Alastair and I dined courtesy of Dutchess
Above well known pub Duke of Wellington sits Dutchess, a stylish, glamorous restaurant decked out with white leather booths and comfy grey chairs surrounding round wooden tables, that’s meant to summon up thoughts of trendy New York lounge bars.
Like many restaurants nowadays, the menu focuses on share plates, plus a section dedicated to the “Raw Bar” – think mostly raw seafood along with steak tartare, and another section for steak.
Our meal started with a few dishes from the Raw Bar part of the menu. This was the tuna tartare, with cucumber and a black garlic sea urchin dressing, and it was excellent – fresh, full of flavour and really pretty.
These oysters were served with a dressing of fermented chilli and lime granita. While I’m normally a lemon juice only oyster eater, I really enjoyed these, particularly the touch of spiciness and the icy granita.
Also very pretty was the cobia with nuoc cham, finger lime, avocado, and prawn crackers, although this was a little harder to share.

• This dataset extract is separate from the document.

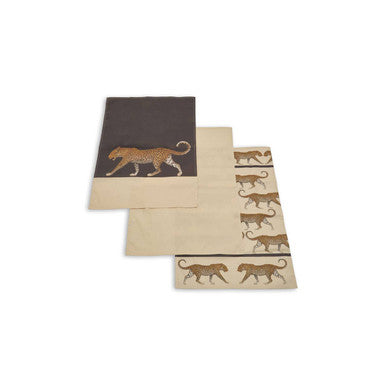 Set of 3 Leopard Print Tea Towels | London Leo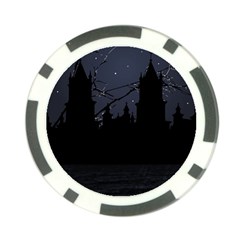 Dark Scene Illustration Poker Chip Card Guards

Our next few dishes were from the small dishes part of the menu.
First up were fried chicken bits with Cajun dipping sauce. Fried chicken is almost always a good time, and this was no exception.
These pots contained King crab “mac and cheese” – and yes, that’s a crab leg on top.
And after that comfort food we had this lovely salad of asparagus, quail egg, candied walnuts, and hollandaise.
On to the mains. First up was baby snapper, with mussels, clams, spring vegetables, and crustacean consomme. After dishes we had at the beginning, this seemed a little dull. Don’t get me wrong, it wasn’t bad, it just wasn’t particularly exciting.
The Robbins Island Wagyu flat iron was rather good though – cooked to a perfect medium rare and served with a pot of bearnaise sauce and pepper sauce.
The mains were accompanied with a pickled zucchini, goats cheese, frisee, pinenut salad and hand cut fries. Both were great – and it’s hard to say which one I preferred. Fries. Pickled vegetable. Tough choice.
That was it for the savouries, and it was soon followed up with dessert. The Violet crumble with chocolate aero, honeycomb, and violet ice cream looked super pretty, however we all found that the honeycomb stuck to our teeth really badly.
And finally, there were some mini choc tops to finish the meal.
Overall we enjoyed dinner although I must note that there was a DJ in the corner playing tunes the whole night, which gave the restaurant a clubby atmosphere but it did make it hard to hold a conversation. So if you’re after a quiet restaurant, this is not the place, however if you want a place that’s casual and still chic, and talking to your dining companions isn’t important, head on up to Dutchess.